A sizeable part of portfolio returns can be produced by dividend stocks due to their contribution to compounding returns in the long run. Historically, Julius Baer Group Ltd. (VTX:BAER) has been paying a dividend to shareholders. Today it yields 3.5%. Let’s dig deeper into whether Julius Baer Group should have a place in your portfolio.
Want to help shape the future of investing tools and platforms? Take the survey and be part of one of the most advanced studies of stock market investors to date.
5 questions to ask before buying a dividend stock
When researching a dividend stock, I always follow the following screening criteria:
- Is it the top 25% annual dividend yield payer?
- Has it paid dividend every year without dramatically reducing payout in the past?
- Has dividend per share risen in the past couple of years?
- Can it afford to pay the current rate of dividends from its earnings?
- Will it have the ability to keep paying its dividends going forward?
Does Julius Baer Group pass our checks?
The current trailing twelve-month payout ratio for the stock is 38%, meaning the dividend is sufficiently covered by earnings. Going forward, analysts expect BAER’s payout to increase to 44% of its earnings. Assuming a constant share price, this equates to a dividend yield of around 4.6%. However, EPS is forecasted to fall to CHF3.64 in the upcoming year. Therefore, although payout is expected to increase, the fall in earnings may not equate to higher dividend income.

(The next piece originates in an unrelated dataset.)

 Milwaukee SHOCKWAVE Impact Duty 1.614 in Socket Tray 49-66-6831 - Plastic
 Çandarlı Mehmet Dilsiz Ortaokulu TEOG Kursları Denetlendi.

If you want to dive deeper into the sustainability of a certain payout ratio, you may wish to consider the cash flow of the business. Companies with strong cash flow can sustain a higher payout ratio, while companies with weaker cash flow generally cannot.

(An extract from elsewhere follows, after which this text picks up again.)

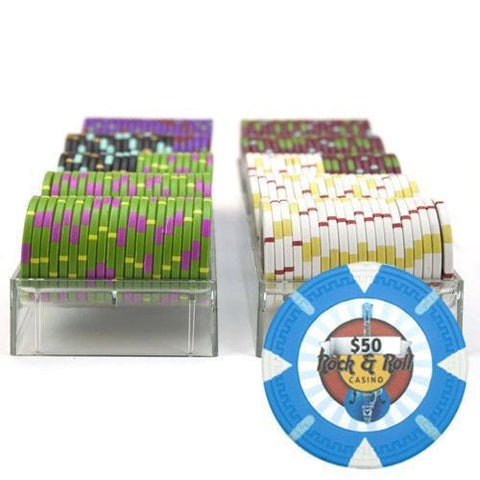 200Ct Claysmith Gaming 'Rock & Roll' Chip Set in Acrylic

If there is one thing that you want to be reliable in your life, it’s dividend stocks and their constant income stream. The reality is that it is too early to consider Julius Baer Group as a dividend investment. It has only been consistently paying dividends for 9 years, however, standard practice for reliable payers is to look for a 10-year minimum track record.

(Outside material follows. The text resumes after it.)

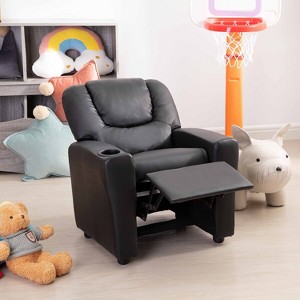 Home Imports Emporium Kids Recliner Chair with Footrest & Cupholders - 1 of 4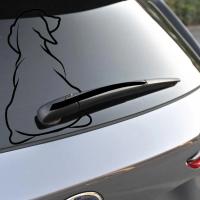 Pegatinas De Coche Personalizadas Con Gato Y Perro Decoración Para Parabrisas after Wiper Corte De Decalcomanía Auto Adhesivo - details 5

Compared to its peers, Julius Baer Group has a yield of 3.5%, which is on the low-side for Capital Markets stocks.
Whilst there are few things you may like about Julius Baer Group from a dividend stock perspective, the truth is that overall it probably is not the best choice for a dividend investor. But if you are not exclusively a dividend investor, the stock could still be an interesting investment opportunity. Given that this is purely a dividend analysis, I urge potential investors to try and get a good understanding of the underlying business and its fundamentals before deciding on an investment. I’ve put together three key aspects you should further examine:
- Future Outlook: What are well-informed industry analysts predicting for BAER’s future growth? Take a look at our free research report of analyst consensus for BAER’s outlook.
- Valuation: What is BAER worth today? Even if the stock is a cash cow, it’s not worth an infinite price. The intrinsic value infographic in our free research report helps visualize whether BAER is currently mispriced by the market.
- Dividend Rockstars: Are there better dividend payers with stronger fundamentals out there? Check out our free list of these great stocks here.
To help readers see past the short term volatility of the financial market, we aim to bring you a long-term focused research analysis purely driven by fundamental data. Note that our analysis does not factor in the latest price-sensitive company announcements.